Task
Without any images, output the records below verbatim.

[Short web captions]
= = =

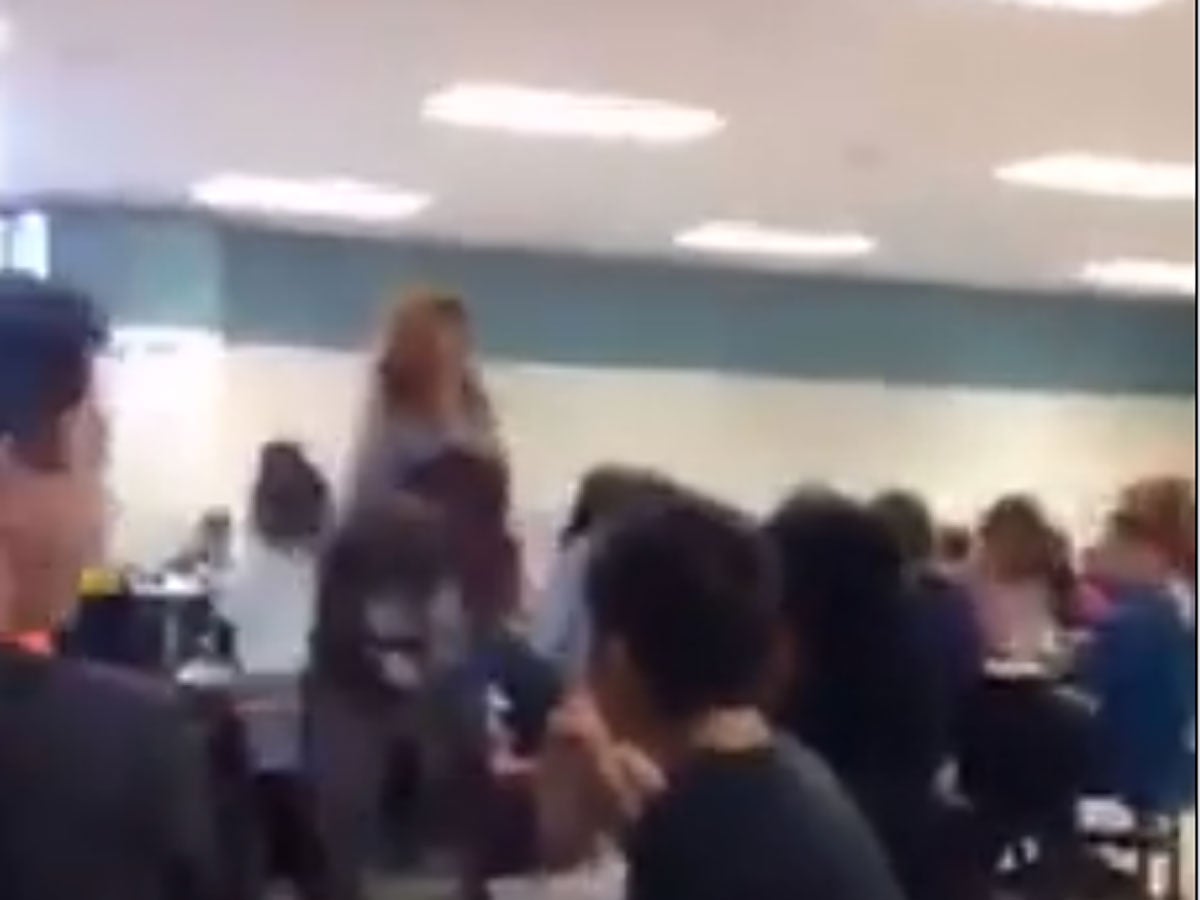 A still from the Facebook video showing a group of children chanting 'build that wall'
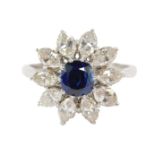 A sapphire and diamond daisy head ring, set in 18ct white gold and platinum, sapphire approx 1ct,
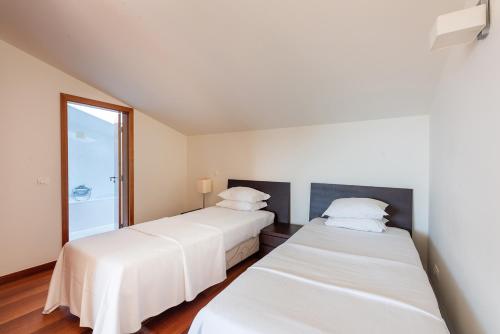 two beds in a room with white sheets at Baia da Luz Resort in Luz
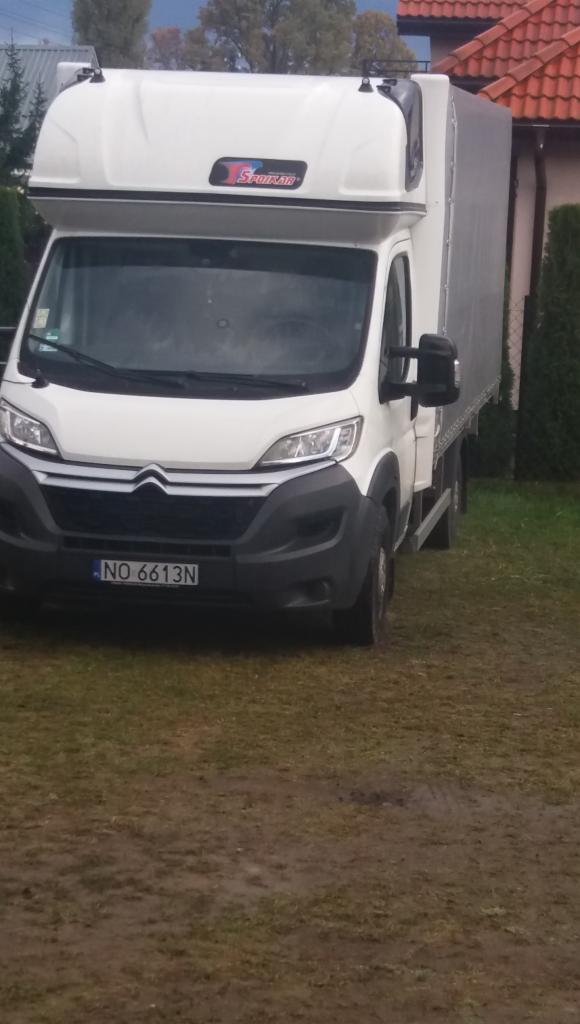 Biały samochód dostawczy z plandeką firmy z Warszawy, zaparkowany na trawiastym podwórku przed domem.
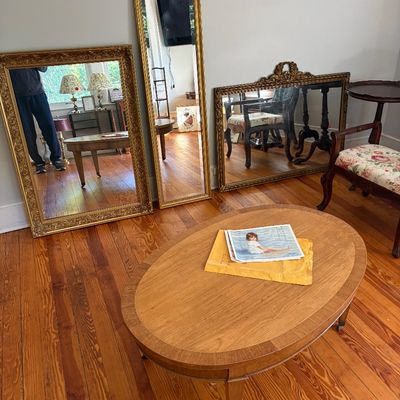 Sale Photo Thumbnail #17: An oval wood coffee table with banded inlay, displayed alongside three ornate gilt-framed wall mirrors and an upholstered accent chair.
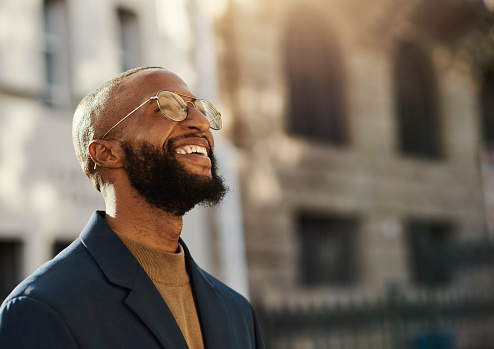 Outdoor portrait of ambitious black business man wearing eye glasses looking up whilst smiling in the city. Stock Photo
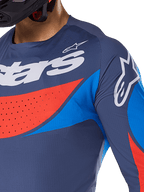 Närbild på Alpinestars 2025 Techstar Dreem jersey, marinblå med klarblå och orangea detaljer, vit Alpinestars-logotyp på bröstet och axeln, laserskurna perforeringar för ventilation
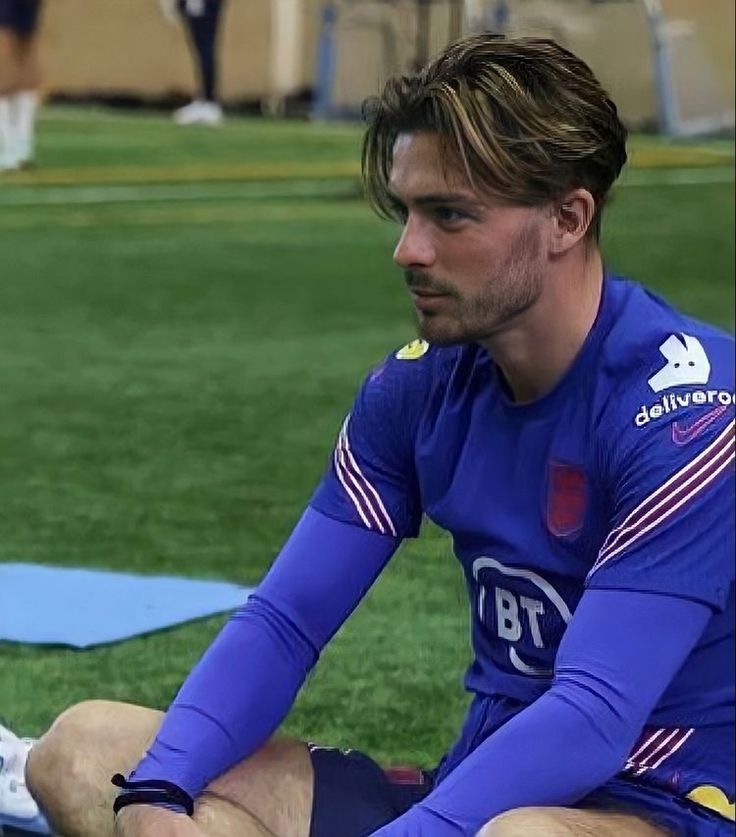 a man sitting on top of a field next to a soccer ball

= = =

Solution for this task
 A still from the Facebook video showing a group of children chanting 'build that wall'
 A sapphire and diamond daisy head ring, set in 18ct white gold and platinum, sapphire approx 1ct,
 two beds in a room with white sheets at Baia da Luz Resort in Luz
 Biały samochód dostawczy z plandeką firmy z Warszawy, zaparkowany na trawiastym podwórku przed domem.
 Sale Photo Thumbnail #17: An oval wood coffee table with banded inlay, displayed alongside three ornate gilt-framed wall mirrors and an upholstered accent chair.
 Outdoor portrait of ambitious black business man wearing eye glasses looking up whilst smiling in the city. Stock Photo
 Närbild på Alpinestars 2025 Techstar Dreem jersey, marinblå med klarblå och orangea detaljer, vit Alpinestars-logotyp på bröstet och axeln, laserskurna perforeringar för ventilation
 a man sitting on top of a field next to a soccer ball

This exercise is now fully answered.